问题
I am looking at the Java-written Prolog system, Prova. https://prova.ws/
But it is not clear about its implementation, a Prolog compiler or Prolog interpreter? I read the manual, but did not found an answer.
回答1:
There are some rumors that Prova is based on Mandarax. The newest version seem to be heading in the same direction as SWI-Prolog 7, i.e. it supports dicts and a dot notation. See also here:
http://prova.ws/confluence/display/REWRITEDEV/Prova+maps+for+defining+slotted+terms
The original Mandarax seems to have been an interpreter, and in the user manual of Prova we find one sentence that self declares it as a Prolog interpreter, but no hint for compilation.
But there seems to be a newer version of Mandarax (1.1.0) which was some kind of compiler, but maybe Prova was already branched out before the compiler arrived, and its still an interpeter.
So although it self declares as a Prolog interpreter, it is most likely not an ISO Prolog systems, since for example op/3 is missing. I guess it uses aa tokenizer with some hard wired operators and a parser with some hard wired operator expressions. (*)

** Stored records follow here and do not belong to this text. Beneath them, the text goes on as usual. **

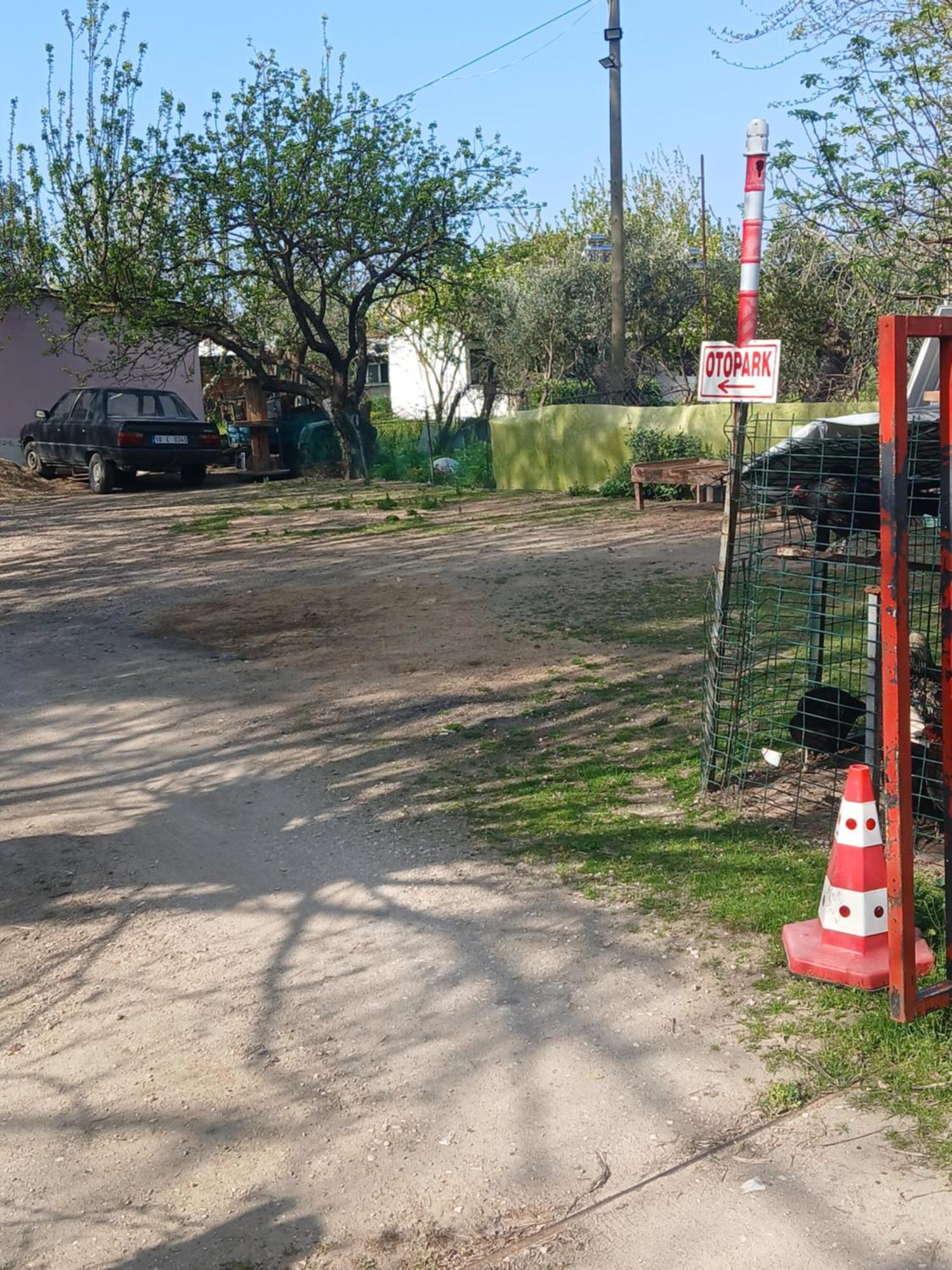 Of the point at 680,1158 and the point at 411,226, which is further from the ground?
the point at 411,226

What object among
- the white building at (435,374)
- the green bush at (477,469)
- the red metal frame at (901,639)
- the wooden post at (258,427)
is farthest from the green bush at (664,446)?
the red metal frame at (901,639)

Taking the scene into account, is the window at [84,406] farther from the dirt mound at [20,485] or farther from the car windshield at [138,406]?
the dirt mound at [20,485]

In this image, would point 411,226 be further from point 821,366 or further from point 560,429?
point 821,366

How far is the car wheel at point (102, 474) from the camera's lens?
20.9 m

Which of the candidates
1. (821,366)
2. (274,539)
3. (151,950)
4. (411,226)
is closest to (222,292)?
(411,226)

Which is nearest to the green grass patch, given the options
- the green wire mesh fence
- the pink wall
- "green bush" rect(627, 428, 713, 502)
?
the green wire mesh fence

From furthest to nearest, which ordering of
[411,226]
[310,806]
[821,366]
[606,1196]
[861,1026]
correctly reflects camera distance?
[821,366], [411,226], [310,806], [861,1026], [606,1196]

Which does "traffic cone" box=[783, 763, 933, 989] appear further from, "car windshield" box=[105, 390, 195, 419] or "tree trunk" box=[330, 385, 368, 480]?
"tree trunk" box=[330, 385, 368, 480]

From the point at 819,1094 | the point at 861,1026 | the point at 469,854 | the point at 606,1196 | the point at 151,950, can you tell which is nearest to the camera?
the point at 606,1196

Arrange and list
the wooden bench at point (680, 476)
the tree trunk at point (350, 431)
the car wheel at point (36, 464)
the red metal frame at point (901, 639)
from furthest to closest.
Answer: the car wheel at point (36, 464) → the tree trunk at point (350, 431) → the wooden bench at point (680, 476) → the red metal frame at point (901, 639)

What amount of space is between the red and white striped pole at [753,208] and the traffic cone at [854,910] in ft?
6.68

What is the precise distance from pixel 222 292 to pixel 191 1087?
63.5ft

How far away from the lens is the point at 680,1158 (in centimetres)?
314

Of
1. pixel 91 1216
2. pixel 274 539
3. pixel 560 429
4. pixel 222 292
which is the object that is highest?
pixel 222 292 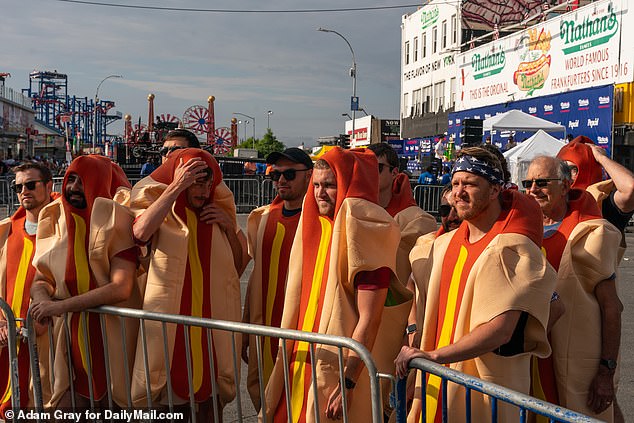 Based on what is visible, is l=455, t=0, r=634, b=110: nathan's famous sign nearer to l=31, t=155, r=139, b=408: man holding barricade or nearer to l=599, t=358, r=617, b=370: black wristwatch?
l=599, t=358, r=617, b=370: black wristwatch

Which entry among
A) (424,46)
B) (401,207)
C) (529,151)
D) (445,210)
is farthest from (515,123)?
(424,46)

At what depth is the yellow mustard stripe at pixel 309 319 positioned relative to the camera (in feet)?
10.8

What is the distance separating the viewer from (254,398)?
3.87m

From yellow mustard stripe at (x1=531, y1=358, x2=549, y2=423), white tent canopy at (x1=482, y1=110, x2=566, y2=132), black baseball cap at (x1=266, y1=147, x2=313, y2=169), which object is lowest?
yellow mustard stripe at (x1=531, y1=358, x2=549, y2=423)

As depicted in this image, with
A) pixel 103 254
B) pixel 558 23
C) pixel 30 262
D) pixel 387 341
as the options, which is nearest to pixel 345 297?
pixel 387 341

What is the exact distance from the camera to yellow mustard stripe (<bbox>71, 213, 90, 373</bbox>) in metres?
3.58

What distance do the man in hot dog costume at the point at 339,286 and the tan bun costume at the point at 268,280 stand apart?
0.33m

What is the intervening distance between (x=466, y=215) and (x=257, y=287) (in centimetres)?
139

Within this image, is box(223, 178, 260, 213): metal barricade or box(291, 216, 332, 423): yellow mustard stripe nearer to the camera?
box(291, 216, 332, 423): yellow mustard stripe

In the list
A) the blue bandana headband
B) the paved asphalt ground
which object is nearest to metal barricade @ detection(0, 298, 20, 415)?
the paved asphalt ground

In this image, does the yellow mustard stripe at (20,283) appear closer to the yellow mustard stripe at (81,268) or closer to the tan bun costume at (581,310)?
the yellow mustard stripe at (81,268)

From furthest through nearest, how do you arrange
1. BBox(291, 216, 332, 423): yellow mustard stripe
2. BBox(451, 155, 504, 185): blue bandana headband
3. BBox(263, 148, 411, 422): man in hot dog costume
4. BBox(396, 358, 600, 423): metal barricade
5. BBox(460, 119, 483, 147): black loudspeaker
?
1. BBox(460, 119, 483, 147): black loudspeaker
2. BBox(291, 216, 332, 423): yellow mustard stripe
3. BBox(263, 148, 411, 422): man in hot dog costume
4. BBox(451, 155, 504, 185): blue bandana headband
5. BBox(396, 358, 600, 423): metal barricade

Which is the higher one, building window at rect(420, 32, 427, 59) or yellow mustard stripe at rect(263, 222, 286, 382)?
building window at rect(420, 32, 427, 59)

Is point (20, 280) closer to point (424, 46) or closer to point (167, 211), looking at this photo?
point (167, 211) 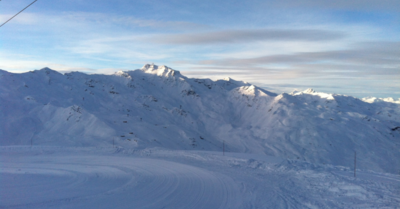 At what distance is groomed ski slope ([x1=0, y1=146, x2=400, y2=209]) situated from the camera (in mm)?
9367

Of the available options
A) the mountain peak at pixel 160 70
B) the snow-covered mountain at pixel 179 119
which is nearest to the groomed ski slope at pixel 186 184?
the snow-covered mountain at pixel 179 119

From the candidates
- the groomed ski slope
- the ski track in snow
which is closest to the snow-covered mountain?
the ski track in snow

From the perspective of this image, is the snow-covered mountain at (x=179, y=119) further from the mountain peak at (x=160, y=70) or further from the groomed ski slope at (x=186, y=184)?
the groomed ski slope at (x=186, y=184)

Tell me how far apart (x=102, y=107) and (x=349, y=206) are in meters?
57.4

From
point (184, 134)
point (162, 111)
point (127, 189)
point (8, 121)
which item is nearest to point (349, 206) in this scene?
point (127, 189)

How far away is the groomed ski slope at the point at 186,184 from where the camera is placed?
9367mm

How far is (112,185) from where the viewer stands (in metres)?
11.9

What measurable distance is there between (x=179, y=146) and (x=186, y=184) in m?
30.4

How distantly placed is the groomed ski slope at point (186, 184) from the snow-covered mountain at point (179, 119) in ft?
59.9

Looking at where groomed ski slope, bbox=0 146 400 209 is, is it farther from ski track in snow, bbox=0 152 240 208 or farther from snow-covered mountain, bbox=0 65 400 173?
snow-covered mountain, bbox=0 65 400 173

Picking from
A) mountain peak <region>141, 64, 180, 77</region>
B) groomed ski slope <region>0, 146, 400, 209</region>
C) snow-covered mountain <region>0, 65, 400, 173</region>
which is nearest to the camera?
groomed ski slope <region>0, 146, 400, 209</region>

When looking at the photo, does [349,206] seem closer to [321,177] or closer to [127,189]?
[321,177]

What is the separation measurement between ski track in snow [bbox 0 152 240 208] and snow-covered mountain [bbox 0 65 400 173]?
1757cm

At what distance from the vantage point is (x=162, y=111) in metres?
68.8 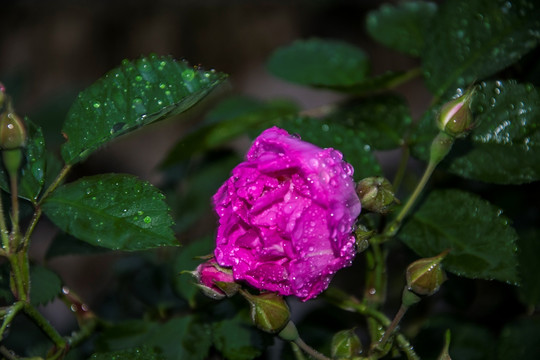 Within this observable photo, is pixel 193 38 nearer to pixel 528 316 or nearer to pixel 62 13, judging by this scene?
pixel 62 13

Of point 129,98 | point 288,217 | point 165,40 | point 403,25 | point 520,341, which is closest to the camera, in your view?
point 288,217

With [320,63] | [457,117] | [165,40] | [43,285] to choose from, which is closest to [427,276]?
[457,117]

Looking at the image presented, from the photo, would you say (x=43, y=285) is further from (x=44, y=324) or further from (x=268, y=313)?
(x=268, y=313)

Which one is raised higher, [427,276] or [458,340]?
[427,276]

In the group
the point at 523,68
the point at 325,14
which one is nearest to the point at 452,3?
the point at 523,68

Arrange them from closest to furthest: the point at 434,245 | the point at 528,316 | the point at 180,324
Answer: the point at 434,245
the point at 180,324
the point at 528,316

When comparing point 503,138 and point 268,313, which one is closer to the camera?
point 268,313

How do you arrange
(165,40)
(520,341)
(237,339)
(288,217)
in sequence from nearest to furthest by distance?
(288,217) < (237,339) < (520,341) < (165,40) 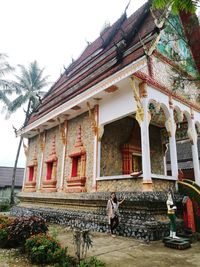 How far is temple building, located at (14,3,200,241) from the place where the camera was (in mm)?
6418

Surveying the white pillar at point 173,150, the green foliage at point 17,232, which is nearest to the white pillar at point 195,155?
the white pillar at point 173,150

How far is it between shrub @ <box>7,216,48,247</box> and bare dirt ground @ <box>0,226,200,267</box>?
0.27 metres

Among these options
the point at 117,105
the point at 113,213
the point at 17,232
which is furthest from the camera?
the point at 117,105

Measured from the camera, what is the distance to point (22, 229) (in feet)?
15.6

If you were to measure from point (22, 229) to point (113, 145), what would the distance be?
490 cm

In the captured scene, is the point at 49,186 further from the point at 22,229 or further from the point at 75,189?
the point at 22,229

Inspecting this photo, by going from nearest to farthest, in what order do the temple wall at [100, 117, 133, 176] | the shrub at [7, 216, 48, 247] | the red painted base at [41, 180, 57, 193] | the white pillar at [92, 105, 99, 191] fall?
the shrub at [7, 216, 48, 247] < the white pillar at [92, 105, 99, 191] < the temple wall at [100, 117, 133, 176] < the red painted base at [41, 180, 57, 193]

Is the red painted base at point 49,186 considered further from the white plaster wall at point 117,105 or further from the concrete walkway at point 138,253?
the concrete walkway at point 138,253

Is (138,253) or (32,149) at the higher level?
(32,149)

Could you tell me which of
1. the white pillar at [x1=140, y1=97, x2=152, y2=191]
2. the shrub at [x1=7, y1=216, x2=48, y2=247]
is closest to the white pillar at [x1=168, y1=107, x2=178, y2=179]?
the white pillar at [x1=140, y1=97, x2=152, y2=191]

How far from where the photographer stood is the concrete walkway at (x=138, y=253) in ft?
11.7

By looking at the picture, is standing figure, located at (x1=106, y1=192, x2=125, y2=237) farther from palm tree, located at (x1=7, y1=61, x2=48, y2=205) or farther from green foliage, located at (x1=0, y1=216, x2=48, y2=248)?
palm tree, located at (x1=7, y1=61, x2=48, y2=205)

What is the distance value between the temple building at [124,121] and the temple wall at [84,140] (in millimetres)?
35

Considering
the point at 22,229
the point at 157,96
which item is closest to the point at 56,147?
the point at 157,96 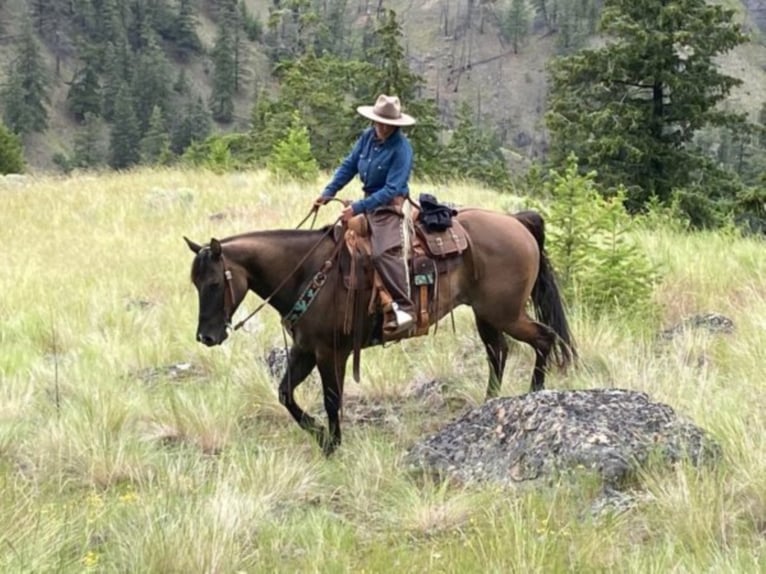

It might nevertheless offer some goodies, but judging from the documentation and binary size, they might not be many. Which is possibly compensated by the ability to directly embed Java calls by the dot notation:
http://prova.ws/confluence/display/REWRITEDEV/Calling+Java+from+Prova+rulebases
Bye
(*) The Prova syntax goes even that far, that it requires the end-user to write fail() instead of fail. A syntax variant that is also found in the new SWI-Prolog 7, although not with the same drastic effect on the end-user that he/she would be not anymore allowed to use atoms as goals.